FYI. Unlike men, women's sexual attraction to members of their own gender is not as rigid and they are more than capable of enjoying sex with another woman. Even heterosexual married women can have marriage shattering affairs with other women. You run the risk of having your wife become one of these women.


----------



## unbelievable (Aug 20, 2010)

Not everything exciting is good. Heart attacks are exciting and so are car crashes.


----------



## Complexity (Dec 31, 2011)

You're actually considering the male option?............


erm but yeah, keep that stuff out of marriage


----------



## RClawson (Sep 19, 2011)

Par do not do it. May I suggest going to the costume store and getting a black and white striped top and bottoms. Take it home and you and the Mrs. can play escaped prisoner and wardens wife. Much safer and maybe kinda hot.


----------



## s3xy_g33k (Apr 11, 2012)

My husband and I slightly considered entertaining this idea long ago when we were younger, but soon realized that it was a terrible idea. Undoubtedly one of us would get jealous and then it would just be downhill from there. Now, the idea is heartbreaking for me. I would be so devastated if my husband actually agreed that we should bring in another woman to get some sexual thrill. I would, of course, feel that I was not keeping him happy.


----------



## Stonewall (Jul 5, 2011)

Don't do this!


----------



## MamboKing (Jan 31, 2012)

So far, there has not been a single answer from a member that has actually been involved in this situation and has opined to the positive or negative. It would be very helpful to see someone that has gone ahead with the threesome scenario and find out how things worked out so there can actually be a lesson learned. A lot of people saying "Jut Say No" with no frame of reference seems counterproductive.

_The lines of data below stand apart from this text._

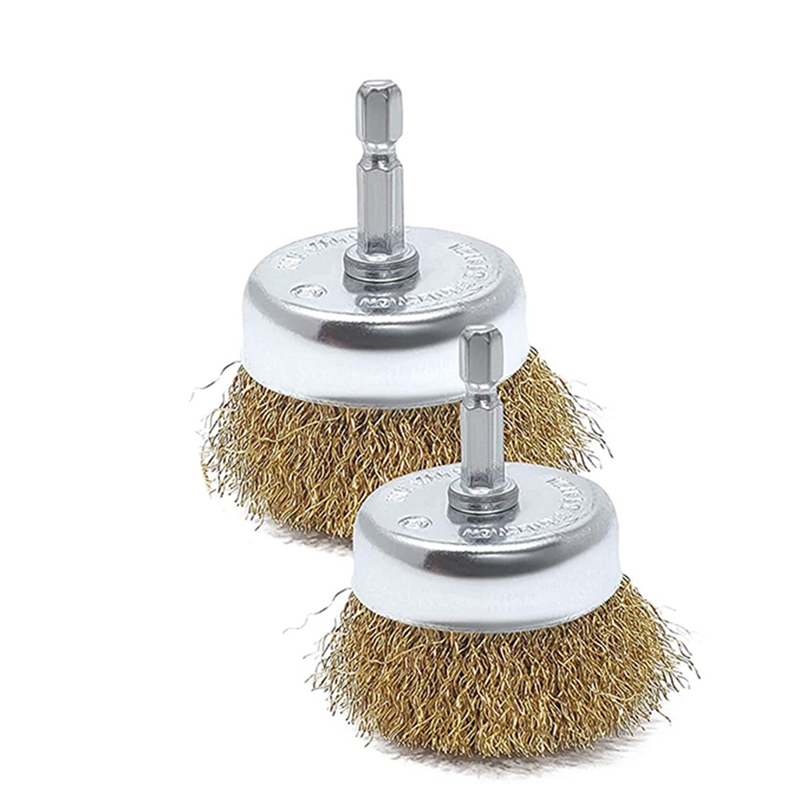 6 Pack Wire Brush Attachment Set For Drill, Brass Coated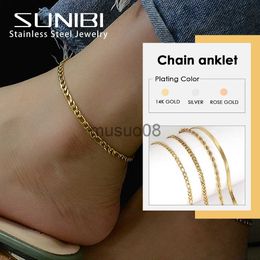 Anklets SUNIBI Stainless Steel Figaro Link Chain Anklets for Women Leg Cuban Ankle Hip Hop Rapper Foot Jewellery Wholesale/Dropshipping J230815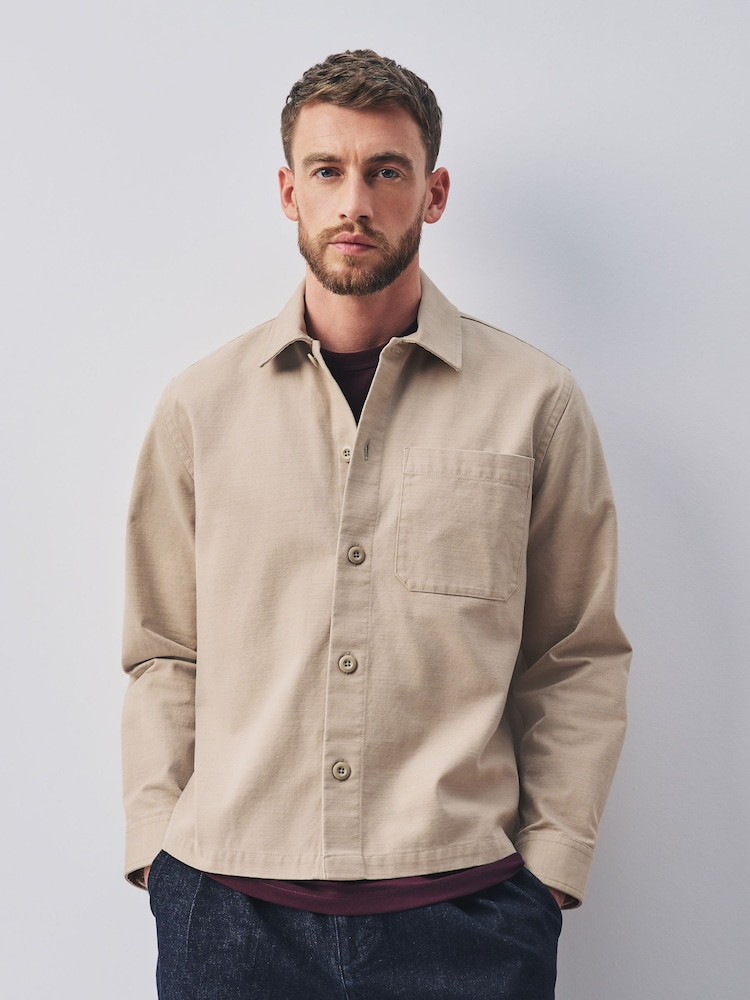 Stone Neutral Canvas Shacket - Image 1 of 10 Stone Neutral Canvas Shacket - Image 1 of 10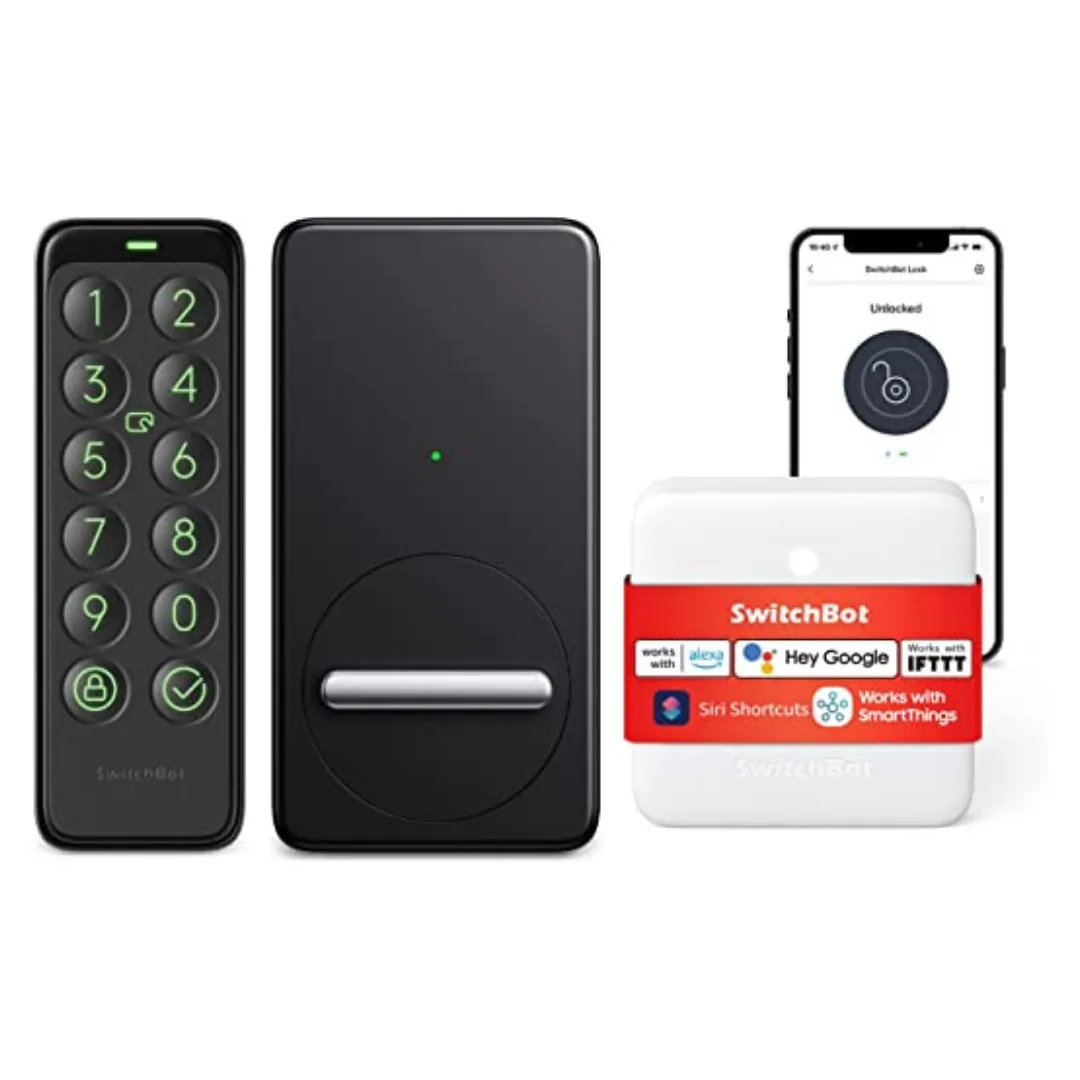 SwitchBot Lock and SwitchBot Hub Mini Bundle | Smart Bluetooth Electronic Deadbolt, Keyless Entry Door Lock for Front Door, Compatible with WiFi Bridge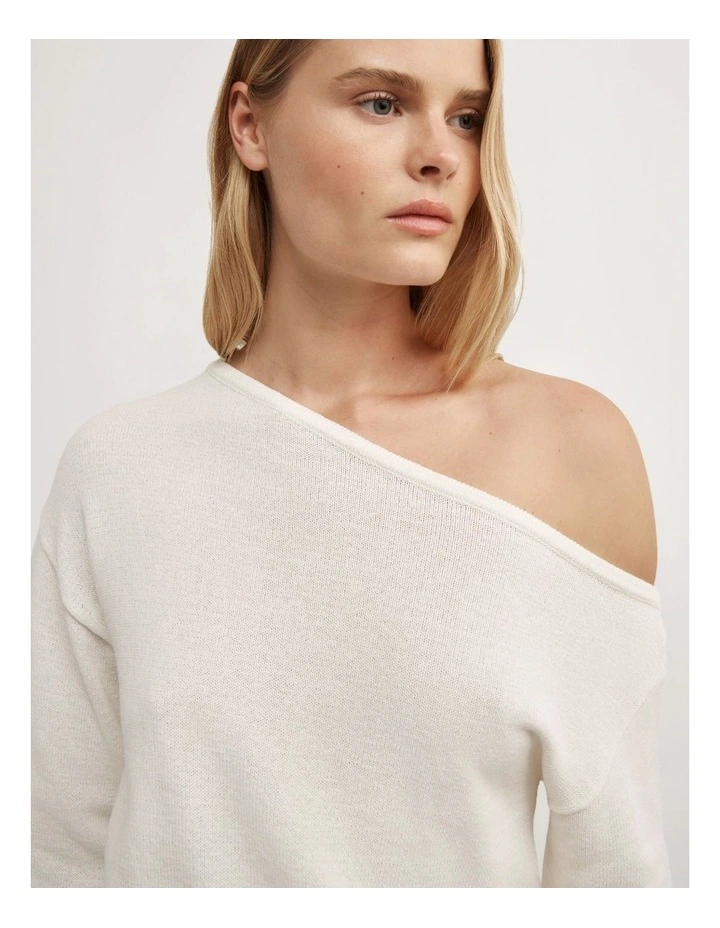 Asymmetric Long-sleeve Knit in Chalk image 3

My wife and I have been carefully considering this for quite a while, and have decided that baby steps is the way to go. We have visited strip clubs where we have had interactions with the dancers. It has been very exciting for both of us and brought us sexually closer together. We have been married 19 years, so we are not rookies.

Our suggestion would be for them to try something similar, start slow, it's obvious that if one of the partners gets jealous even from the idea of going together to a strip club that this is not the road to follow. But if you try it and find the experience to be fun and exciting, then continue communicating and finding out if there should be next steps to take.

Someone quoted a study of 90% divorce rate for swingers (this is not exactly swinging, but just for arguments sake), but there are several studies that show the figure to be either the same as non-swinging couples and some showing it to be dramatically lower. 

At the end of the day, every couple and marriage has a different dynamic. Sex is, I believe, meant to be a way for two people to enjoy each other and come closer together. To some folks the idea of a 3rd person immediately violates this principle, but I do not think that is always the case. For some folks it can just be an exciting and new experience that can add to the sexual enjoyment and bring them closer together.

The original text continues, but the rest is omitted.